Investigations by CBC News revealed that Skibicki had a pattern of spousal abuse, with two previous partners having been allegedly assaulted, threatened, and raped by Skibicki. Both partners were of Indigenous (Métis) descent. Further investigations of Skibicki's Facebook revealed a pattern of far-right, misogynistic, violent, anti-semitic, and white supremacist behaviour.

Victims
Four individuals are thought to have been victims of Skibicki. Three of the four were Indigenous women, and the fourth individual is thought to additionally be of Indigenous ancestry. Family members of several of the women stated that they were experiencing homelessness at the time.

Rebecca Contois was a member of the O-Chi-Chak-Ko-Sipi First Nation and lived in Winnipeg at the time. She was 24 years old.

Morgan Beatrice Harris was a member of the Long Plain First Nation and lived in Winnipeg at the time. She was 39 years old. Harris was last seen in the area of Winnipeg's Main Street and Henry Avenue.

Marcedes Myran was a member of the Long Plain First Nation and lived in Winnipeg at the time. She was 26 years old. Myran was last seen in the North End neighborhood of Winnipeg.

Mashkode Bizhiki'ikwe/Buffalo Woman was an unidentified woman of possible Indigenous descent. She was thought to be in her mid twenties and living in Winnipeg at the time. She was previously referred to as "Jane Doe" or as an unidentified victim, but discussions among advocates and Indigenous elders led to the adoption of the name "Buffalo Woman", which the Winnipeg police adopted. The name was given to refer to the buffalo spirit which gave her name to individuals who had not received a spirit name in order to know one another, and allow for the acknowledgement of Buffalo Woman by the spirit realm. Buffalo Woman was thought to have worn a Baby Phat brand reversible brand jacket with a fur hood.

Alleged perpetrator
Jeremy Anthony Micheal Skibicki is currently charged with four counts of first-degree murder for the killings of Contois, Myran, Harris, and Buffalo Woman. A representative for Skibicki stated that his client would plead not guilty.

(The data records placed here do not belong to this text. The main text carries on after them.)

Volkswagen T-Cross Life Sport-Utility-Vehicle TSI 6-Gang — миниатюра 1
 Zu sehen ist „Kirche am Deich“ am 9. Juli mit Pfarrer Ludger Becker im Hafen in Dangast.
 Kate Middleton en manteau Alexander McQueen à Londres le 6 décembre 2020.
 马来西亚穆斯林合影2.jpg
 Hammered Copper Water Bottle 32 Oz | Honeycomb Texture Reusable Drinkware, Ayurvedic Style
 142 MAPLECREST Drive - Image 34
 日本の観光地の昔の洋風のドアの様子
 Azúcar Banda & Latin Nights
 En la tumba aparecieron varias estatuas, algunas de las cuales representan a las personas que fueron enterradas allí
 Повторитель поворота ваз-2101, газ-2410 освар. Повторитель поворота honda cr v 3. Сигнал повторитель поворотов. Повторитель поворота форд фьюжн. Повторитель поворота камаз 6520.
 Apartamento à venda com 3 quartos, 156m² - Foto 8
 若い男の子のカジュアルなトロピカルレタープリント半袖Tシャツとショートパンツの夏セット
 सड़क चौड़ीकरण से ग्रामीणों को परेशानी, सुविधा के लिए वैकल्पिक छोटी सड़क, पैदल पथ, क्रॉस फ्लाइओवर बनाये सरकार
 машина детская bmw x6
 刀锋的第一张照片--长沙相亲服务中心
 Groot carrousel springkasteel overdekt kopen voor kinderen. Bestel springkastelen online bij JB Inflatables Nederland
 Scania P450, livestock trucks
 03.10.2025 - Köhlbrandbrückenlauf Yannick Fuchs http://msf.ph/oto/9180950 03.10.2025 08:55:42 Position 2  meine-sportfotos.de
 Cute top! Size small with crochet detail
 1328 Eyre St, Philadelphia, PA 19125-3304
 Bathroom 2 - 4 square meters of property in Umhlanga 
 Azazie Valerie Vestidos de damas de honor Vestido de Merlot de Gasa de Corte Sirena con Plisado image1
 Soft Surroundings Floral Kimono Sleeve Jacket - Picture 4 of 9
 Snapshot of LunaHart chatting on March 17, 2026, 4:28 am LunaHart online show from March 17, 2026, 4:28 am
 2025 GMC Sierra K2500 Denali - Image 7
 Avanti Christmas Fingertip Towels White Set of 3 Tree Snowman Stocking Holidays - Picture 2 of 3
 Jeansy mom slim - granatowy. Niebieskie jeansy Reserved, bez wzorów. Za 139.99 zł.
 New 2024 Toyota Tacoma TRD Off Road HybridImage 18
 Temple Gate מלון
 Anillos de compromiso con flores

Skibicki has a documented history of alleged abuse against his partners. In June 2015, Skibicki was convicted following the assault of his common-law partner. The woman, who was pregnant at the time, was strangled by Skibicki and was punched repeatedly in the face. Skibicki threatened to kill the woman if she attempted to call the police, the woman filed for a protection order but the order was dismissed. Skibicki allegedly expressed violent fantasies towards his previous partner, and had smothered his partner so hard that her teeth began bleeding. He was sentenced to two months in prison and two years probation for the assault. In 2019, Skibicki's then-wife filed a protection order against him at their first wedding anniversary. In 2021, Skibicki was charged with disobeying court orders, threatening her, and assaulting her with a deadly weapon. Skibicki's then-wife was told by him that he would kill, torture, traffick, or abduct her. Skibicki had alleged that she was abused by her husband, including having been raped by him while she was asleep and suffocation by a pillow. Earlier in May of 2022, his then-wife filed paperwork for a divorce. Another assault charge against him, for allegedly attacking his spouse, was stayed. Both of Skibicki's previous partners were Indigenous, and were of Métis descent.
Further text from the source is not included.